The healthcare system is confronted with an ever-increasing burden due to the mounting patient demands and limited resources, coupled with suboptimal delivery of clinical care. For instance, in 2018 the Netherlands experienced spending of over €1 billion in cancer treatments and a loss of €3.8 billion in productivity. This has put the long-term sustainability of the healthcare system in jeopardy. Artificial Intelligence (AI) is expected to revolutionize Magnetic Resonance Imaging (MRI) and its applications, enabling sustainable, faster, personalized, more effective, more available, and more cost-effective patient care.

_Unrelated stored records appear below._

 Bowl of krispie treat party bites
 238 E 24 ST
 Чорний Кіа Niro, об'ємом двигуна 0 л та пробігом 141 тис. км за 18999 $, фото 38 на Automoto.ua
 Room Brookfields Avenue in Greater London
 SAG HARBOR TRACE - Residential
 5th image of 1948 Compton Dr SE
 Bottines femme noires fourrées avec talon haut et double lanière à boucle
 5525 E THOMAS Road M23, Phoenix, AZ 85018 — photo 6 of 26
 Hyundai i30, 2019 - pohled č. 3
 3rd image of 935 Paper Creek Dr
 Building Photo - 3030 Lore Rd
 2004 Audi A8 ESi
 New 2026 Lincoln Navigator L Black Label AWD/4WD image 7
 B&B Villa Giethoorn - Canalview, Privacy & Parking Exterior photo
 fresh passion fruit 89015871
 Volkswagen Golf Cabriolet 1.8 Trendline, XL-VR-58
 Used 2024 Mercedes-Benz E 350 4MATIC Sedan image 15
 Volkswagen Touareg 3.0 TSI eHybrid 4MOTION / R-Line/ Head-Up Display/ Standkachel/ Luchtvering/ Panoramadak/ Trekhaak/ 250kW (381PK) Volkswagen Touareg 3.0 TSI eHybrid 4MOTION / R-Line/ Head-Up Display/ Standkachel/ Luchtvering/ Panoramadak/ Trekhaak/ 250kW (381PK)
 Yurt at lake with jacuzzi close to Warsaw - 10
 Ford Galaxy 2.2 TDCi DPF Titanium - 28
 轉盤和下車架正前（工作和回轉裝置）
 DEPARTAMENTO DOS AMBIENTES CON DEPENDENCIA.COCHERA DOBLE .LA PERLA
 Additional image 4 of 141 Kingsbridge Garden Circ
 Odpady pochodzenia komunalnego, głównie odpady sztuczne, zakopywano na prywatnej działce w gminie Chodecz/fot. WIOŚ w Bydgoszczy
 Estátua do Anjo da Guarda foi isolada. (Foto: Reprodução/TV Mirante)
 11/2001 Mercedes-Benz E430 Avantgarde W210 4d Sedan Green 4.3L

MRI is a widely used medical imaging modality, and a key instrument for disease diagnosis, prognosis, and follow-up. However, it is associated with a number of drawbacks, such as long scanning times, image artifacts caused by patient motion, and the separation of the acquisition process from other imaging modalities and downstream clinical tasks. To increase the range of applications, diagnostic quality, and the outcome-per-costs ratio of MRI, it is therefore of paramount importance to address these issues, and AI is a key enabling technology for this. For example, a team from Philips and LUMC recently demonstrated that the acquisition of anatomical MRI scans can be accelerated by a factor of 4-8x, with promising image quality, by using a deep learning reconstruction method, winning key tracks in the international 2019 fast MRI challenge.
Nevertheless, due to the critical role of MRI in diagnosing severe diseases, the impact of false positives and false negatives is even more detrimental than in other areas of AI. Additionally, the application range of prototype AI reconstruction methods currently does not span the entire scope of clinical application of MRI, particularly that of rapidly moving organs like the heart. Finally, current methods do not sufficiently consider the intricate interplay between scanner hardware, acquisition protocol, and AI methodology. This makes the development of reliable solutions of the utmost importance.
To this end, the newly proposed ICAI lab, the “Philips AI4MRI lab”, will develop trustworthy AI algorithms optimizing the speed, image quality, robustness, and integration of MR imaging in the clinic, in close collaboration between industry, academia, and the clinic.